However, the use of “volatile” is insufficient to guarantee correct ordering
for multiprocessor systems because it only impacts reorderings performed by
the compiler, not those which may be performed by the CPU during execution.

Some languages and compilers may provide sufficient facilities to implement
functions which address both the compiler reordering and machine reordering
issues, however it is usually advisable to be very careful about this, for
example by carefully inspecting compiler generated code. Some developers
advocate coding in assembley language to avoid compiler reordering issues.

Comments anyone?

Ross.

–

<snip>
> In C, the “volatile” keyword is provided to inhibit optimisations which
> remove or reorder memory operations on a variable marked as volatile.

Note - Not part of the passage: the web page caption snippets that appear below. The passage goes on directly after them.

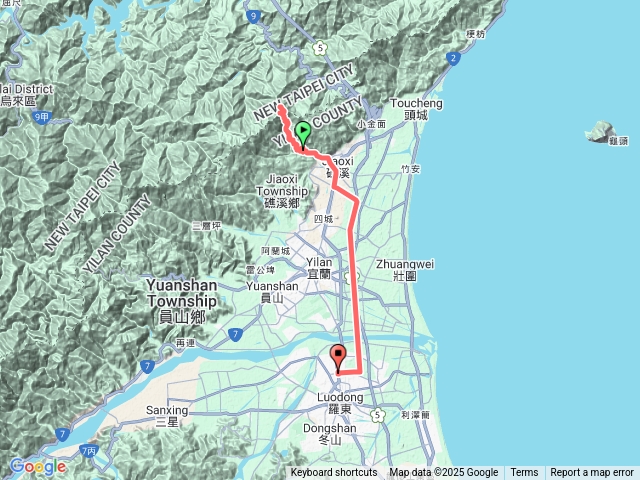 三角崙山+抹茶山預覽圖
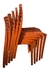 Kit 5 Cadeiras Gruvyer Terracota - comprar online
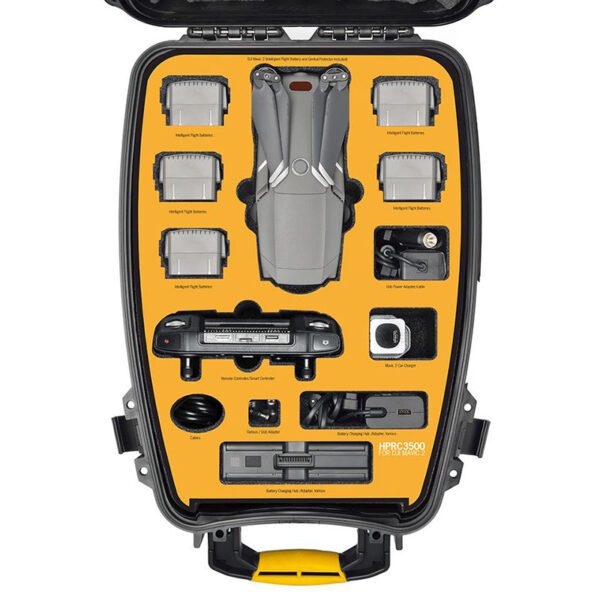 Mochila HPRC de viaje para DJI Mavic 2 Pro / Zoom + Smart controller - Imagen 3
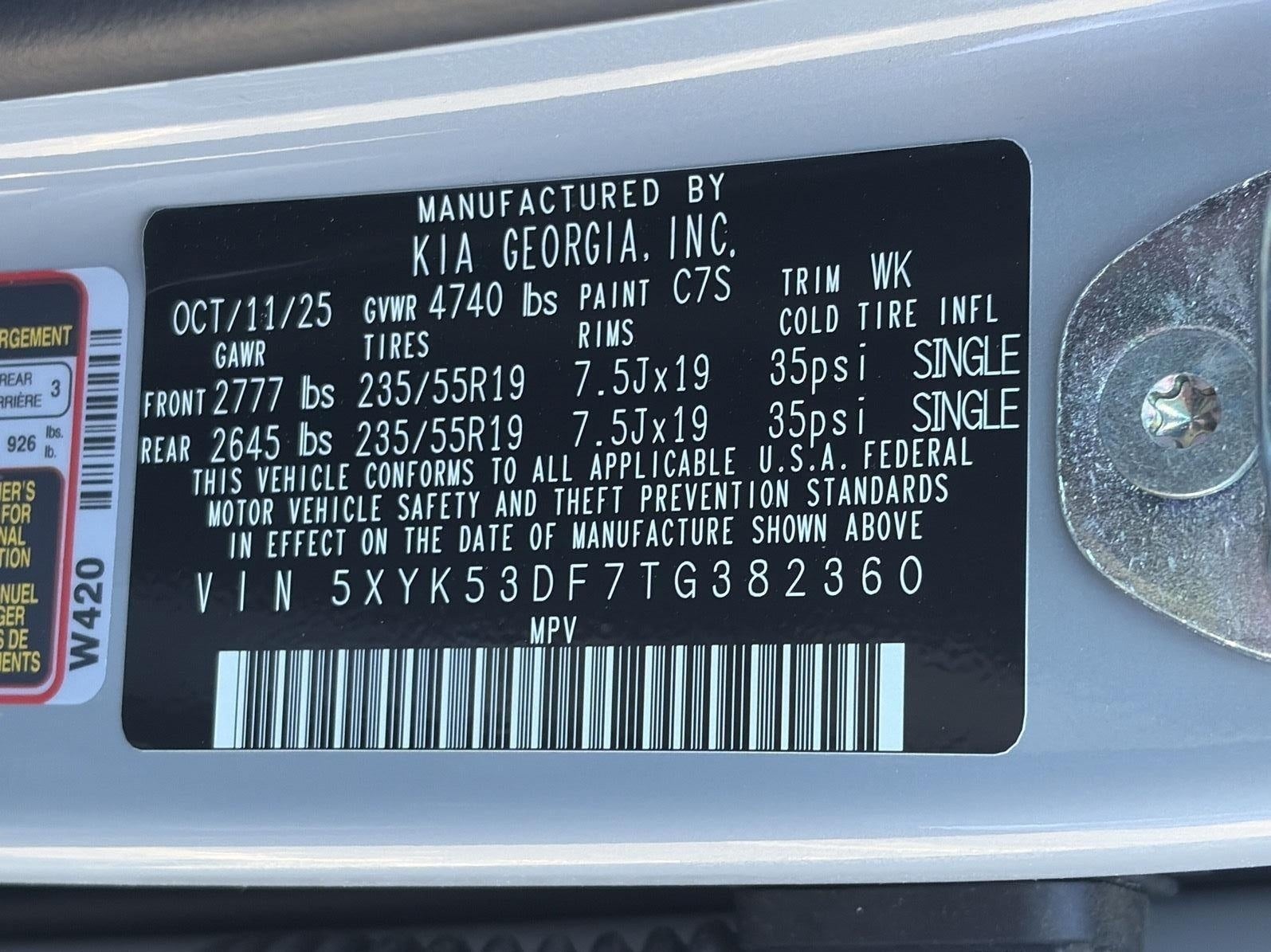 2026 Kia Sportage SX-Prestige FWD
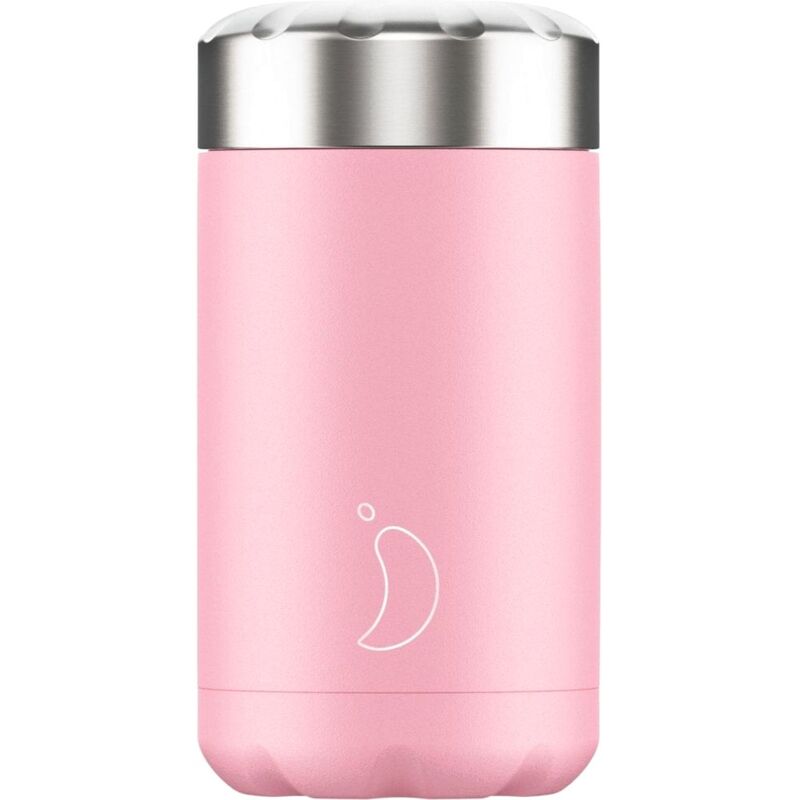 Chilly's Food Pot Pastel Pink 500ml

This
> will provide a kind of barrier for interruptions which occur on a single
> CPU, such as signal handlers or concurrent threads on a uniprocessor system.
> However, the use of “volatile” is insufficient to guarantee correct ordering
> for multiprocessor systems because it only impacts reorderings performed by
> the compiler, not those which may be performed by the CPU during execution.
>
> Some languages and compilers may provide sufficient facilities to implement
> functions which address both the compiler reordering and machine reordering
> issues, however it is usually advisable to be very careful about this, for
> example by carefully inspecting compiler generated code. Some developers
> advocate coding in assembley language to avoid compiler reordering issues.
</snip>

How about java and .NET? They also have volatile keyword and AFAIK,
volatile keyword has the same effect as synchronized/lock. (Though the
JDK 1.4 or lower does not properly implementing volatile, let’s
concentrate on the intented meaning of volatile.)

For example,

int a;
Object lock;
…

void someMethod() {
synchronized(lock) {
a++;
}
}

has the same effect as

volatile int a;

void someMethod() {
a++;
}

In other words, volatile in JAVA and .NET is also a construct of
*locking* as well as preventing reordering. Am I missing something
here?

Regards,
Minkoo Seo

–

목록안의 메시지 15
글쓴이:Alexander Terekhov (terekhov@web.de)
제목:Re: What does Memory Barriers mean ??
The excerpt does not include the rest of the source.